Southampton Press / Opinion / Letters / 2237052
Mar 12, 2024

Missed Opportunity

House Republican antipathy to an immigration reform bill passed by the U.S. Senate on a bipartisan basis, and supported by the president of the United States, resulted in a missed opportunity to enhance border security.

Just look at these provisions: 700 miles of additional border fencing; deploying 38,405 Border Patrol agents; implementing an E-Verify system; enhancing border surveillance; adding $40 billion to border security. Such were some of the provisions of the Border Security, Economic Opportunity, and Immigration Modernization Act.

That border security act was approved by a 68-32 vote in the U.S. Senate — in 2013. It was killed in the House of Representatives by Republican representatives in the same year.

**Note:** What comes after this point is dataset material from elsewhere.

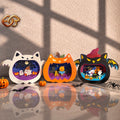 Combo de 3 SVG Pop-up Chat Effrayant - Modèle de Bricolage en Papier 3D Superposé pour Halloween pour Cricut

This year, the U.S. Senate, again on a bipartisan basis, negotiated the Emergency National Security Supplemental Appropriations Act, and would have added $114 billion for border security. The proposal died because of entrenched Republican opposition.

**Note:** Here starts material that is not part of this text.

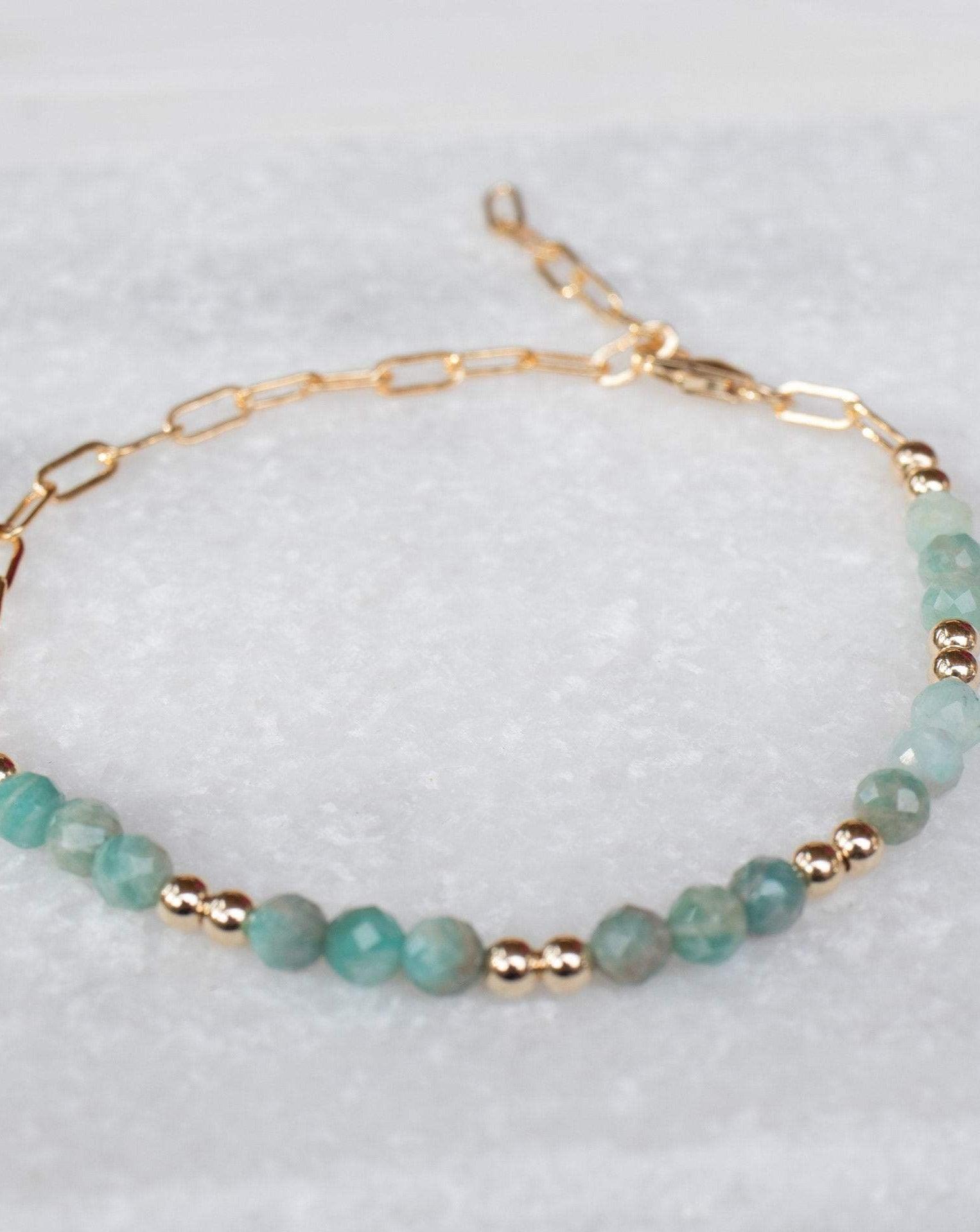 Amazonite Bracelet ~ Gold Filled or Sterling Silver 925 ~ MB017 - Maresia Jewelry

U.S. Senator James Lankford (R-Oklahoma), the chief Republican negotiator, and the 2019 Award for Conservative Excellence recipient, admonished his Republican colleagues for their failure to act on the bill: “Some people have said it would mean 5,000 people coming into the country every day. That is absurd and untrue. The emergency authority is not designed to let 5,000 people in — it is designed to close the border and turn 5,000 people around.”

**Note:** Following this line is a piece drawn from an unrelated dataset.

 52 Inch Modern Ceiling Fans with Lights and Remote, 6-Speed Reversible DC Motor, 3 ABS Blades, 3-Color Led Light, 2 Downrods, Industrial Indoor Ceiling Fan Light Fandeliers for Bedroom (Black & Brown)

Factcheck.org describes how Republicans misrepresented the bill: Search the site for “Unraveling Misinformation About Bipartisan Immigration Bill.”

It should be clear by now that congressional Republicans are uninterested in border security or a rational immigration system. They are interested in inflaming emotions for political gain. They cower in fear of making good public policy decisions, while Donald Trump misinforms a Republican base with overheated rhetoric about the push and pull of migration dynamics.

Reminding Americans of our sordid eugenicist past, Donald Trump poured on the hate by denouncing immigrants for “poisoning the blood of our country.”

In contrast, President Joe Biden spoke rationally in his State of the Union Address about both strengthening border security and keeping the ideal of America as a nation of immigrants intact.

Mike Anthony

Westhampton

Anthony is a former chair of the Southampton Town Democratic Committee — Ed.